Lamp dimmer circuit 412 is adapted to simultaneously brighten or dim light bulb 402 in response to movement of switch 404. Lamp dimmer circuit 412 comprises a diode rectifier bridge 546 comprised of four identical 1N 4004 diodes, a 4.7 microfarad capacitor 548, an SCR device 550, a 180 ohm resistor 552, a 220 ohm resistor 554, an MOC3011 photo triac optoisolator element 556, a 220 ohm resistor 558, a 400 volt, 10 amp high power triac 560, the light bulb 402, and the 5K ohm servo pot 416B contained in servo 406B. With the exception of light bulb 402 and servo pot 416B, all of the foregoing elements of lamp dimmer circuit 412 are mounted to the aforementioned circuit board 456 which is disposed in fixture base 100. Light bulb 402 is, as noted above, attached to mounting bracket 335 and disposed within enclosure 300. Servo pot 416B is, as noted above, contained within servo 406B which is also disposed within enclosure 300. Lines connecting light bulb 402 and servo pot 416B with the remainder of lamp dimmer circuit 412 are contained within posts 200 and will hereinafter be described in greater detail.

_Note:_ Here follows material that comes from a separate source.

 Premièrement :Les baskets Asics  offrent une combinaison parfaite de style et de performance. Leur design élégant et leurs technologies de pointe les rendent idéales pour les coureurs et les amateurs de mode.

One of the input leads of diode rectifier bridge 546 is connected to the output line 438 of transformer 424 by a line 562, and another input lead of diode rectifier bridge 546 is connected to the other output line 440 of transformer 424 by a line 564. Another lead (negative output) of diode rectifier bridge 546 is connected to ground by a line 566. The final lead (positive output) of diode rectifier bridge 546 is connected to the anode of SCR device 550 by a line 568. Line 568 is also connected to one of the input leads of the 5K pot 416B contained in servo 406B by a line 570. The gate lead of SCR device 550 is connected to one of the leads of resistor 552 by a line 572; the other lead of resistor 552 is connected to the "wiper" lead of pot 416B by a line 574. The final lead of pot 416B is connected to line 574 by another line 576. Line 574 is also connected to one of the leads of capacitor 548 by a line 578; the other lead of capacitor 548 is connected to ground.

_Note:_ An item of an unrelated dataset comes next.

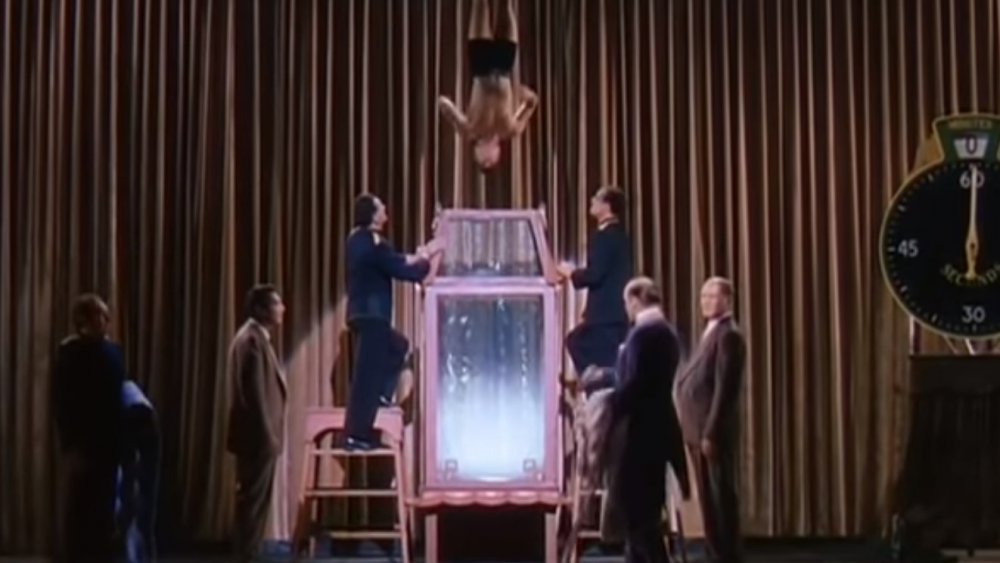 Houdini performing the water cell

The cathode lead of SCR device 550 is connected via a line 580 to one lead of resistor 554. The other lead of resistor 554 is connected to one of the leads of optoisolator element 556 via a line 582. Another lead of optoisolator element 556 is connected to ground via a line 584. A third lead of optoisolator element 556 is connected to power input line 434 via a line 586. The fourth lead of optoisolator element 556 is connected to one of the leads of resistor 558 via a line 588. The other lead of resistor 558 is connected to the gate lead of high power triac 560 via a line 590. Another lead of triac 560 is connected to power input line 434 via a line 592, and the final lead of triac 560 is connected to halogen bulb 402 by a line 594. The other lead of bulb 402 is connected to power line 432 via a line 596.
On account of the foregoing construction, when toggle switch 404 is thrown in a first direction, servo motors 414A,414B will be activated by motor control circuit 410 so as to open panels 310 outward, expanding enclosure 300. Simultaneously, light bulb 402 will increase in intensity due to the increased current directed to the bulb by lamp dimmer circuit 412. The combination of expanding enclosure 300 and increasing the intensity of light bulb 402 results in increased illumination from light fixture 5.
Conversely, when toggle switch 404 is thrown in a second, opposite direction, servo motors 414A,414B will be activated by motor control circuit 410 so as to close panels 310 inward, contracting enclosure 300. Simultaneously, light bulb 402 will decrease in intensity due to the decreased current directed to the bulb by lamp dimmer circuit 412. The combination of contracting enclosure 300 and decreasing the intensity of light bulb 402 results in decreased illumination from light fixture 5.
It is to be appreciated that when the double-pole, double-throw, spring-return-to-center toggle switch 404 is left untouched, the self-centering switch will be in its "off" position, whereby the light fixture will remain in precisely its then-current state.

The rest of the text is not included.